• Task to carry out: The result should be an exact copy of the entries below, free of pictures.

───── Available data

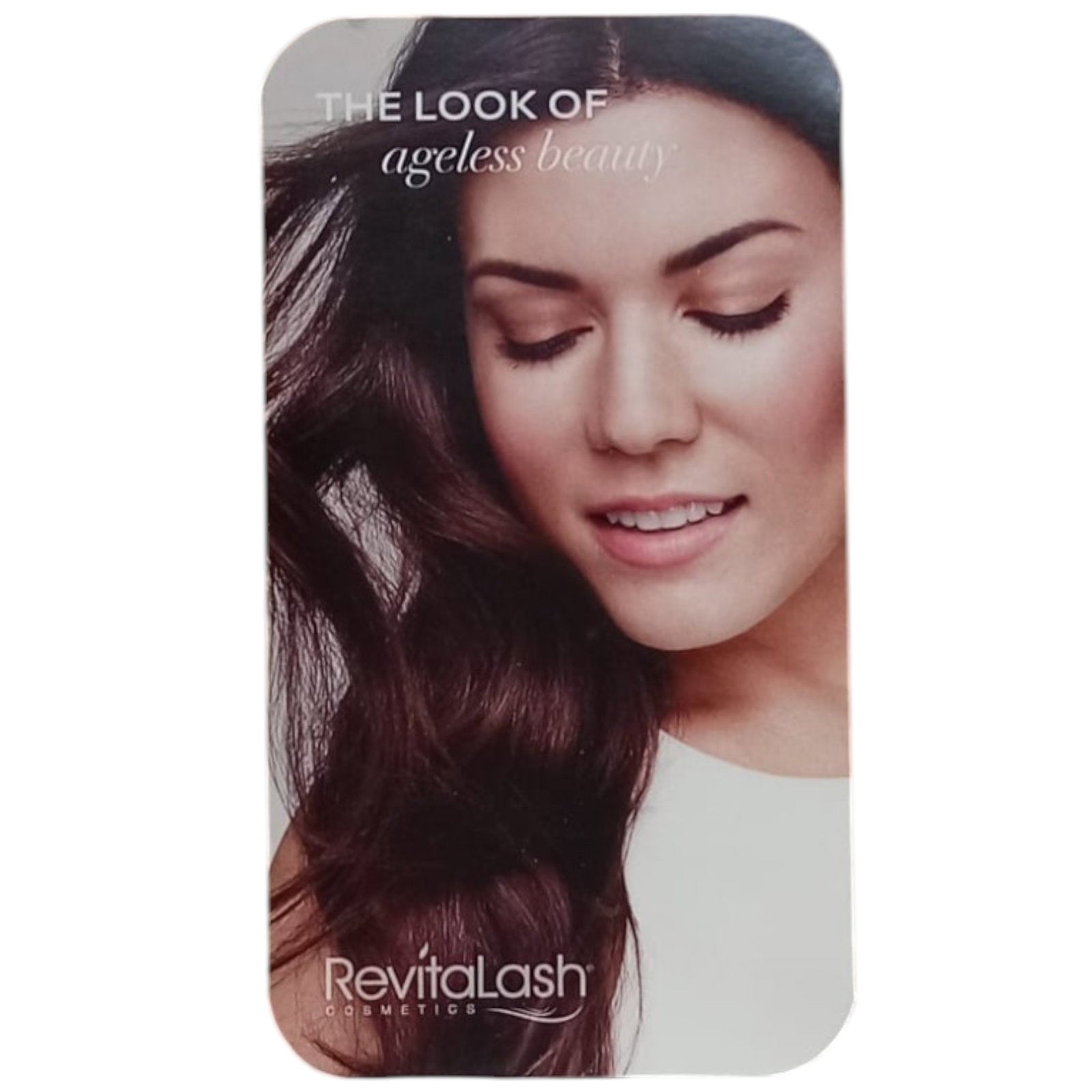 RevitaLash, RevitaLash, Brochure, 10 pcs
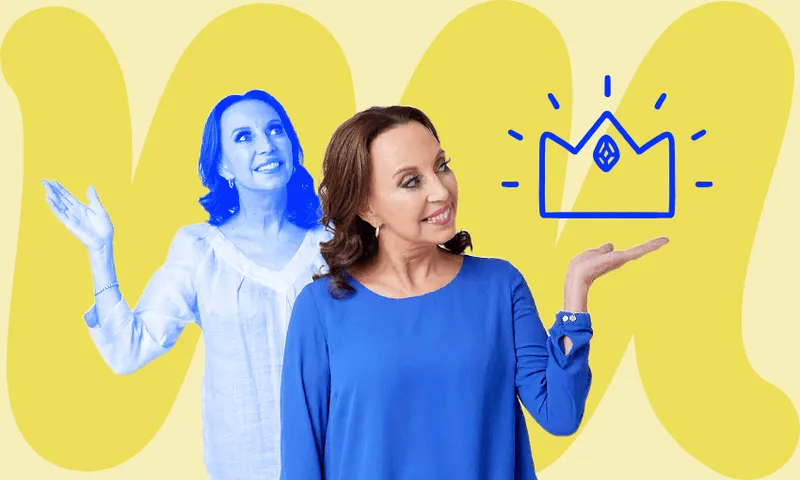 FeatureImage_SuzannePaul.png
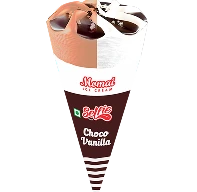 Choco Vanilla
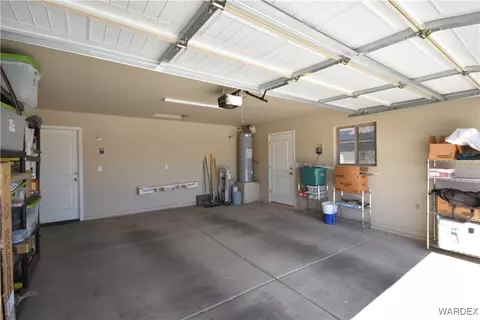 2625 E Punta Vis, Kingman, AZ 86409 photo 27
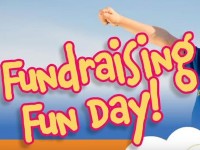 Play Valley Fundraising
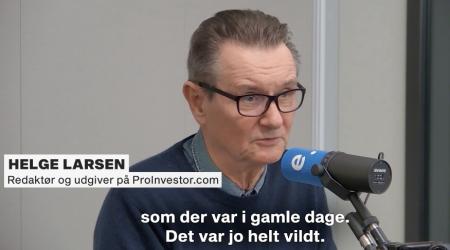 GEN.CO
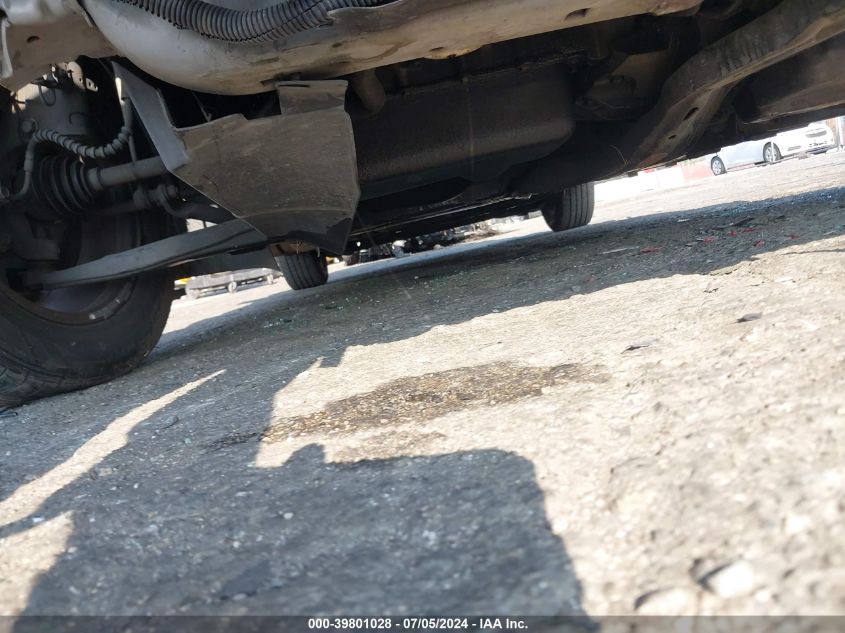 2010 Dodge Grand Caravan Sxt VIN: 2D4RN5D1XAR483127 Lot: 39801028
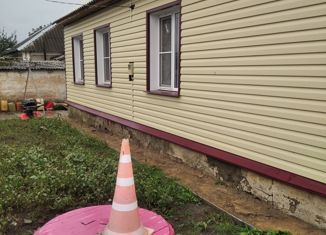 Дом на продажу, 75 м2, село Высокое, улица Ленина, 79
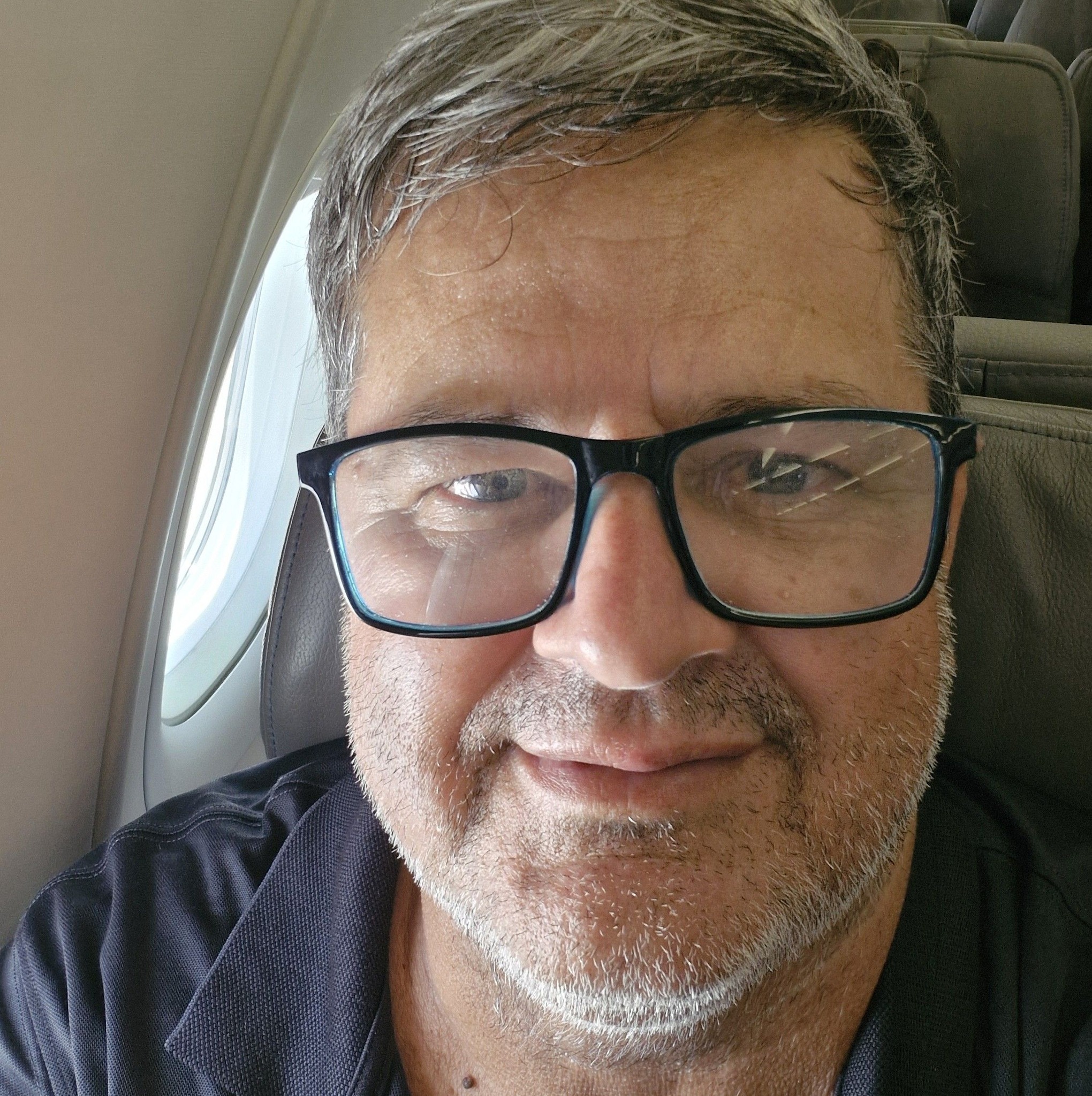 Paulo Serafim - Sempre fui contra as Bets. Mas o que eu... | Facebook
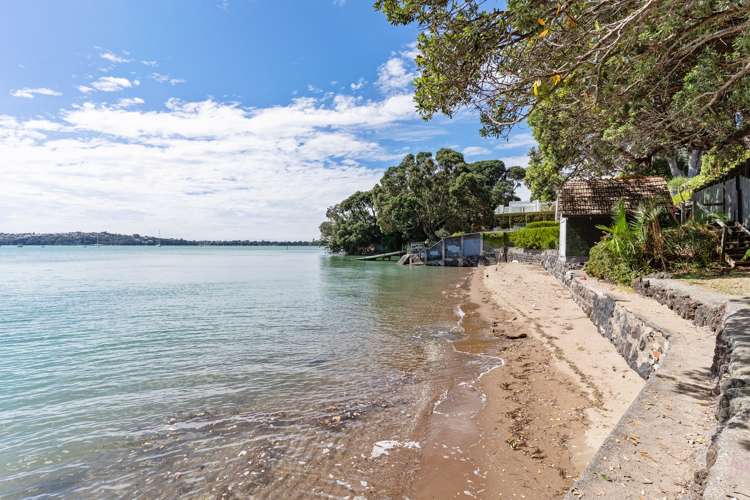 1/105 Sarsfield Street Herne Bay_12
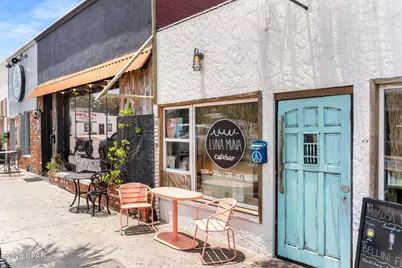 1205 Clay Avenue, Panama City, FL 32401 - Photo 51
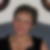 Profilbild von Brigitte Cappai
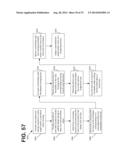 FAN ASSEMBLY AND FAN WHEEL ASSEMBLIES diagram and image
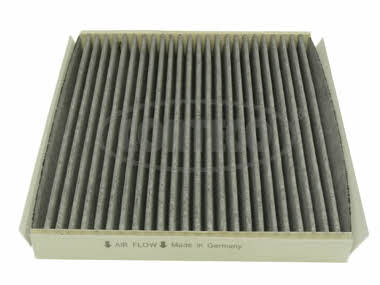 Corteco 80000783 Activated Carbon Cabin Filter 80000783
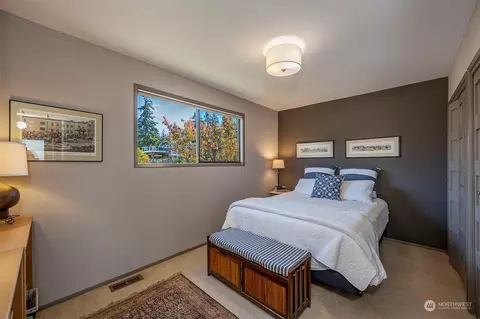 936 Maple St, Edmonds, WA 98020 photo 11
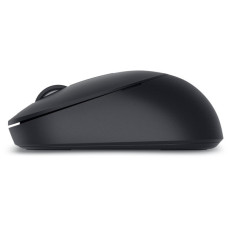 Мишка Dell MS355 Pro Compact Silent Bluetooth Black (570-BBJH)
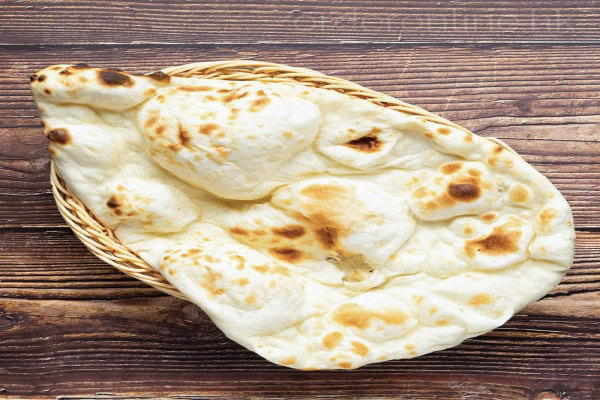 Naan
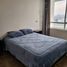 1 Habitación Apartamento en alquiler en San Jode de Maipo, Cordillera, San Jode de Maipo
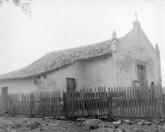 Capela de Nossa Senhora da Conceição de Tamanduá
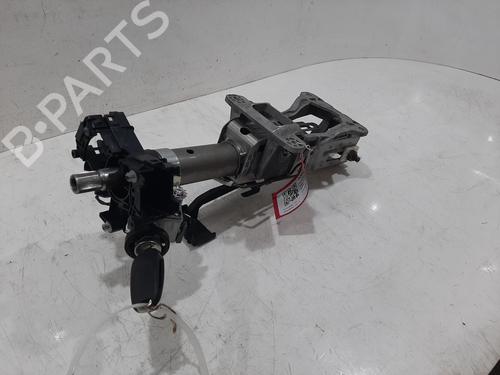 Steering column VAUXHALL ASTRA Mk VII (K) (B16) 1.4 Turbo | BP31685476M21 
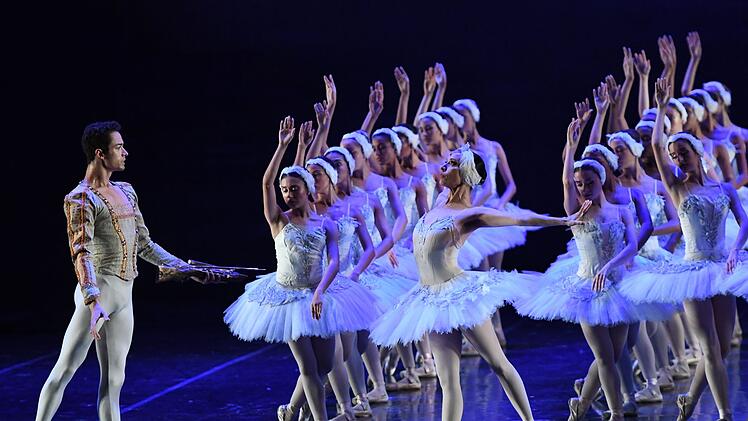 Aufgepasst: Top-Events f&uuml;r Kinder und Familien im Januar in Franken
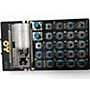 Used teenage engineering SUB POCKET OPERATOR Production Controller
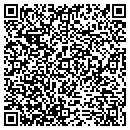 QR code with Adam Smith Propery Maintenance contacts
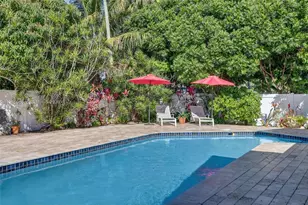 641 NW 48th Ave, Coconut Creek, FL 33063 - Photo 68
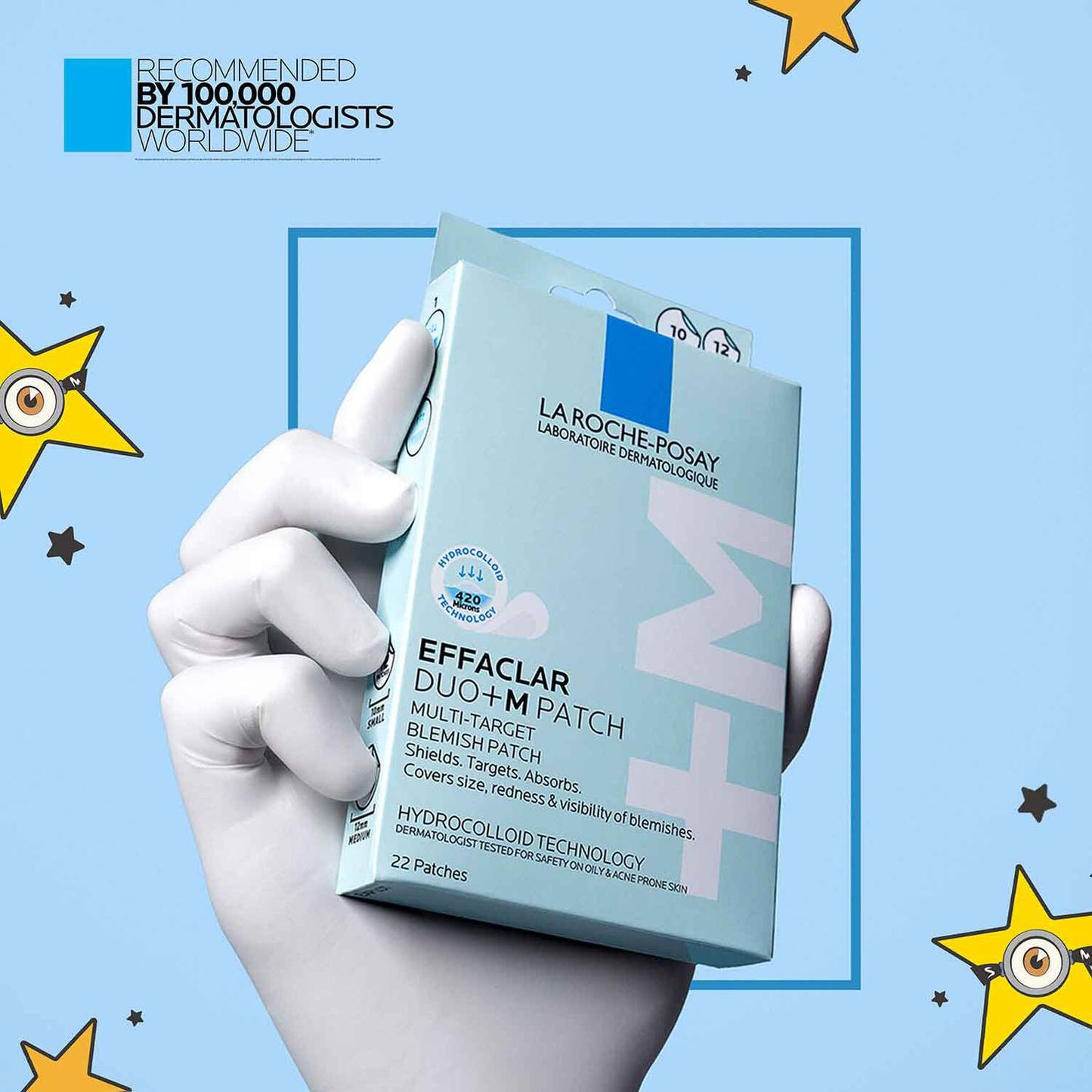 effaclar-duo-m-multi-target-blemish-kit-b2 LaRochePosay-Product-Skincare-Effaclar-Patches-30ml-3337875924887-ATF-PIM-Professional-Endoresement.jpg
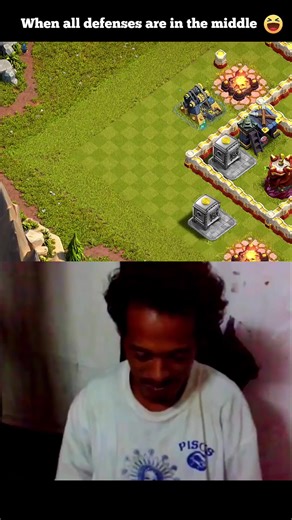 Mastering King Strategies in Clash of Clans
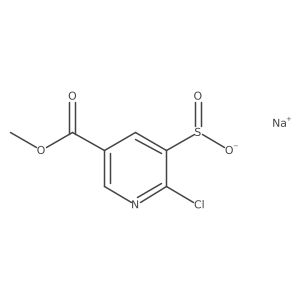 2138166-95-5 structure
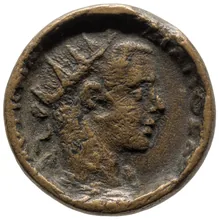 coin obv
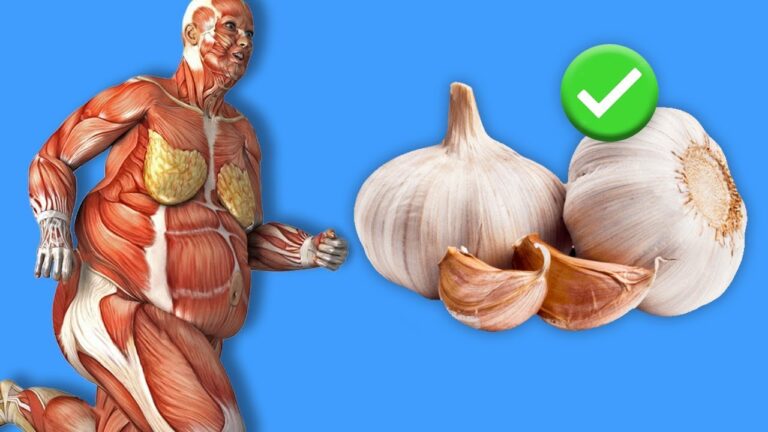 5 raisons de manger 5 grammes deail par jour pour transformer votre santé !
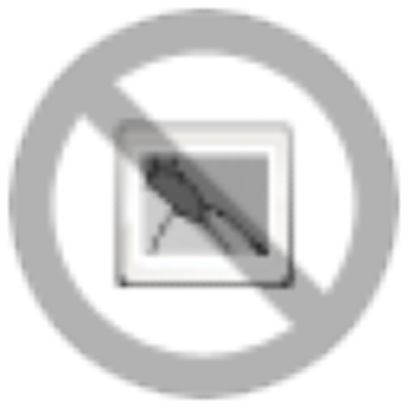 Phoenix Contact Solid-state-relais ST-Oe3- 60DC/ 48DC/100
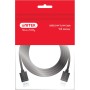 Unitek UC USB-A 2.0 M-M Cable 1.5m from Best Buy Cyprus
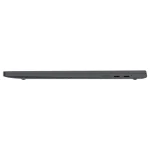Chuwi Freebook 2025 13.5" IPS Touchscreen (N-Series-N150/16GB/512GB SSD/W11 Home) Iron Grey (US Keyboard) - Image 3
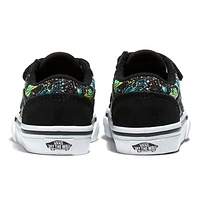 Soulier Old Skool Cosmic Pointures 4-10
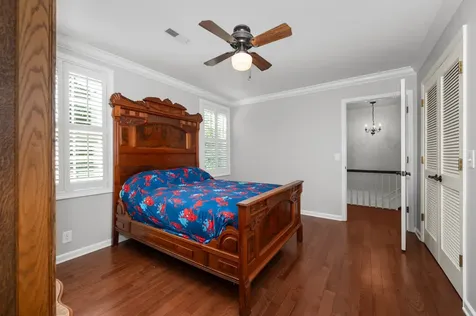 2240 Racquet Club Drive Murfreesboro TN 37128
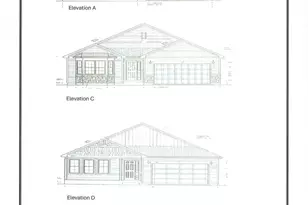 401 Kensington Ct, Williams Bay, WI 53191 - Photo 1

──────────

• Response area:
 RevitaLash, RevitaLash, Brochure, 10 pcs
 FeatureImage_SuzannePaul.png
 Choco Vanilla
 2625 E Punta Vis, Kingman, AZ 86409 photo 27
 Play Valley Fundraising
 GEN.CO
 2010 Dodge Grand Caravan Sxt VIN: 2D4RN5D1XAR483127 Lot: 39801028
 Дом на продажу, 75 м2, село Высокое, улица Ленина, 79
 Paulo Serafim - Sempre fui contra as Bets. Mas o que eu... | Facebook
 1/105 Sarsfield Street Herne Bay_12
 1205 Clay Avenue, Panama City, FL 32401 - Photo 51
 Profilbild von Brigitte Cappai
 FAN ASSEMBLY AND FAN WHEEL ASSEMBLIES diagram and image
 Corteco 80000783 Activated Carbon Cabin Filter 80000783
 936 Maple St, Edmonds, WA 98020 photo 11
 Мишка Dell MS355 Pro Compact Silent Bluetooth Black (570-BBJH)
 Naan
 1 Habitación Apartamento en alquiler en San Jode de Maipo, Cordillera, San Jode de Maipo
 Capela de Nossa Senhora da Conceição de Tamanduá
 Steering column VAUXHALL ASTRA Mk VII (K) (B16) 1.4 Turbo | BP31685476M21 
 Aufgepasst: Top-Events f&uuml;r Kinder und Familien im Januar in Franken
 Used teenage engineering SUB POCKET OPERATOR Production Controller
 QR code with Adam Smith Propery Maintenance contacts
 641 NW 48th Ave, Coconut Creek, FL 33063 - Photo 68
 effaclar-duo-m-multi-target-blemish-kit-b2 LaRochePosay-Product-Skincare-Effaclar-Patches-30ml-3337875924887-ATF-PIM-Professional-Endoresement.jpg
 Mastering King Strategies in Clash of Clans
 2138166-95-5 structure
 coin obv
 5 raisons de manger 5 grammes deail par jour pour transformer votre santé !
 Phoenix Contact Solid-state-relais ST-Oe3- 60DC/ 48DC/100
 Unitek UC USB-A 2.0 M-M Cable 1.5m from Best Buy Cyprus
Chuwi Freebook 2025 13.5" IPS Touchscreen (N-Series-N150/16GB/512GB SSD/W11 Home) Iron Grey (US Keyboard) - Image 3
 Soulier Old Skool Cosmic Pointures 4-10
 2240 Racquet Club Drive Murfreesboro TN 37128
 401 Kensington Ct, Williams Bay, WI 53191 - Photo 1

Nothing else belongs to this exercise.